Transparency: Multi-signature wallets provide an additional layer of accountability, as transactions are approved by multiple stakeholders.
DAO Governance
Community Involvement: Our DAO governance model ensures that key decisions, including the use of reserved funds and premium domain purchases, are made with community input and approval.
Transparency: Regular updates and transparent reporting on the use of funds and token distributions help maintain community trust and engagement.
Vesting Schedules
Long-Term Commitment: The vesting schedules for the founders, team, and advisors ensure that these key stakeholders are committed to the project’s long-term success.

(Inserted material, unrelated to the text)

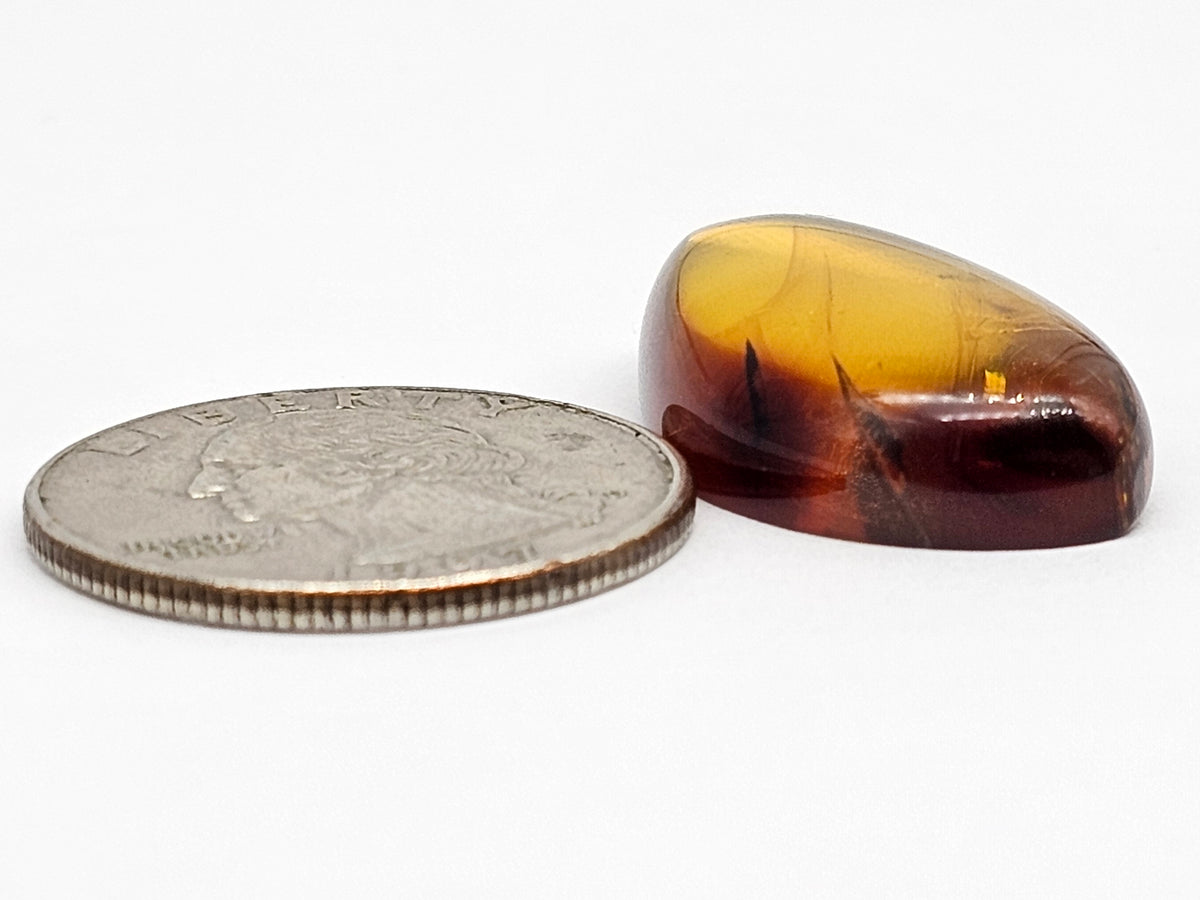 Amber cabochon | Artisan Cut Gemstone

Mitigating Market Impact: Gradual token release through quarterly vesting helps mitigate the risk of large sell-offs that could negatively impact the market.
Locked Reserves
Financial Stability: The locked reserve ensures that the project has funds available for unforeseen needs and future growth opportunities, subject to community oversight.
Performance-Based Rewards
Incentivization: Tokens allocated for staking and rewards are released based on participation metrics, incentivizing active engagement and support from the community.
Conclusion
Our carefully designed vesting schedule and comprehensive safety measures are aimed at fostering trust, security, and long-term commitment to our project. By aligning the interests of all stakeholders and ensuring transparent and secure management of funds, we are dedicated to building a sustainable and successful project that benefits the entire community.